I’m officially working on a new revision of the board, with a few changes.
First are the obvious fixes, the ISP connector, pull-down resistors, etc.
But there’s a fundamental thing I want to change.
My car appears to have a bad connection somewhere. I haven’t been able to track it down yet. Somewhere, there’s a bad ground or something. Likely a result of the horrific radio install from the previous owner. Once before, my car has had an issue where the power flickered for a second while I was driving. This wasn’t a big deal at the time, as my radio just rebooted, and my headlights flickered for a partial second. I went on my merry way.
However, it happened again. With CaRFID installed. This happened over a week ago, but it took me a while to dissect what happened, and to calm down enough to actually write about it. It’s a bit embarrassing too, to be honest.
I was driving on a US highway (US-136), heading back to college, going 60mph (speed limit) on a dark part of the highway, deep in cornfields (at about 10pm). I turned a corner, then suddenly my entire car went dark. The power seems to have flickered, which knocked the ignition out completely, which caused my headlights to turn out, leaving me in pitch black. The engine cut out as well. I kept my wheel straight and carefully applied the brake in pitch black. Thankfully I didn’t go off the road. Turning my hazards on and pushing the car off the road, I got to work on getting it running again. I tried simply re-authenticating, but it didn’t crank over, in the same way it would if the transponder bypass wasn’t working.
I believe two events happened over the single drive. The first was the antenna shifted for the bypass. It moved out of the zone where it could get a good couple. I have it jammed in there somewhat awkwardly, so it’s not a huge surprise. The second event was the power flicker, which caused a full deauthentication.
After panicking for a bit, I managed to figure it out, and get the antenna put back in a position where it worked. I’ve been carrying all of the tools needed to take apart my center console, in case this happened (thankfully my ignition isn’t on my steering area, it’s by my radio).

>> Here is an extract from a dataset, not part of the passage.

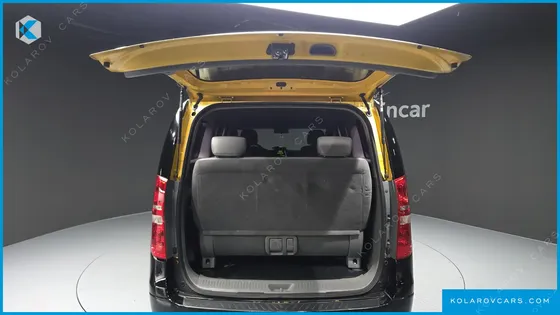 HYUNDAI STAREX 12-SEATER WAGON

This ordeal shocked me, as I had put over 10 hours of highway driving on as a test, with no issues. I even drove to a neighboring state after each significant change.

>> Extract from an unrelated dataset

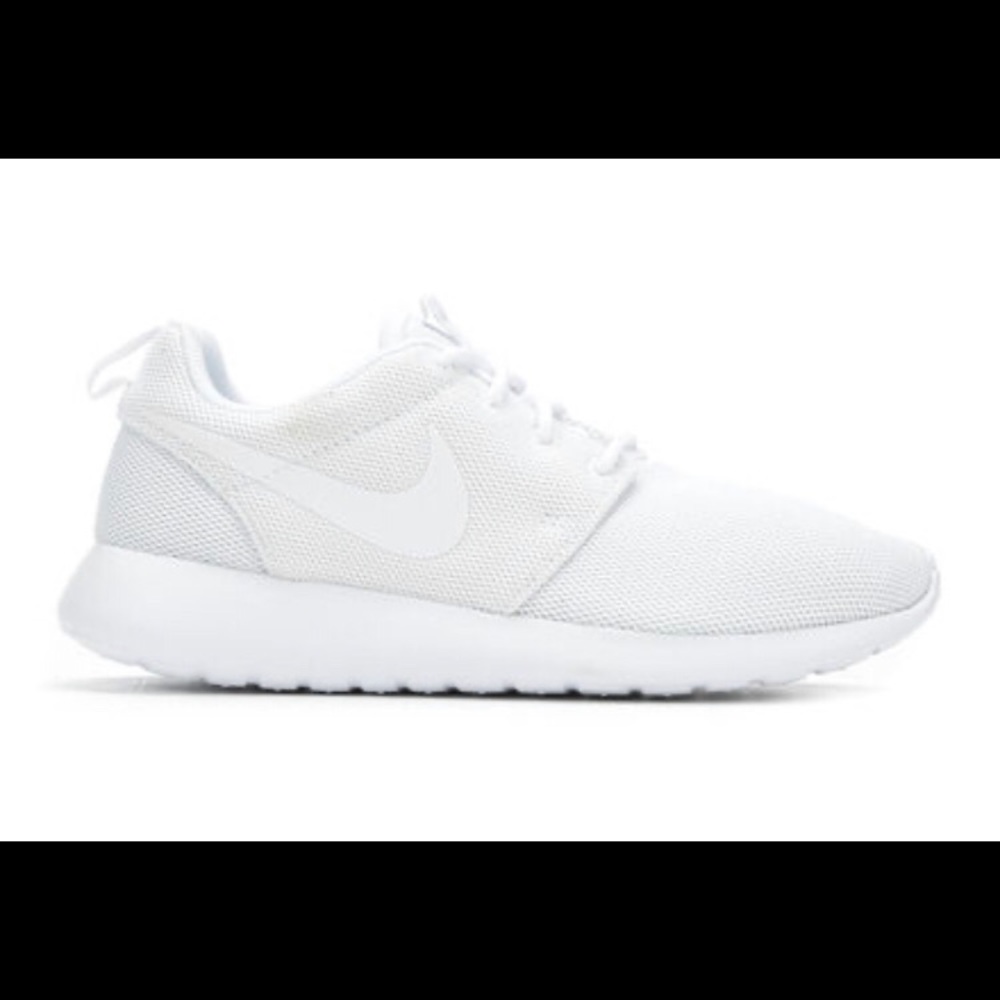 Nike Women’s Roshe One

I was originally going to implement latching relays (or a latching circuit) as a safety feature, for the RUN and KEY_INSERT positions. I decided not to, due to the considerable cost increase for components, combined with the extra pins needed on the MCU. The new version is 1000000% getting 2 latching relays for those positions. My thought pattern was that other aftermarket push button starts don’t implement latching relays, so it must not be a big issue for most vehicles. I was wrong.
I’m lucky to be alive, to be honest. If it had cut out a few moments earlier, I might have veered off the road at full speed. I got passed by a few people before I got my vehicle pulled off the road, if someone hadn’t seen me, they would have hit me going 60+.
Learn from my mistakes here. Don’t sacrifice safety, even if you think you’ll be fine. In 99% of vehicles this wouldn’t be an issue, it was an issue of compounding errors, but it was still reckless. It was legitimately terrifying, and it took me a full day to stop shaking. Having to drive another hour afterwards wasn’t great either.
The second I can, I’m going to sure up the power connections to the board to the best of my ability, I’m considering even bodging some kind of secondary power, until I can get a new revision fabricated and assembled.
I’ve attached a video of my dashcam footage from the incident. Thought it would be interesting for everyone to see, at the very least. Ignore the incorrect date, my dashcam needs replaced (the internal rechargeable backup battery is failing, date resets every drive).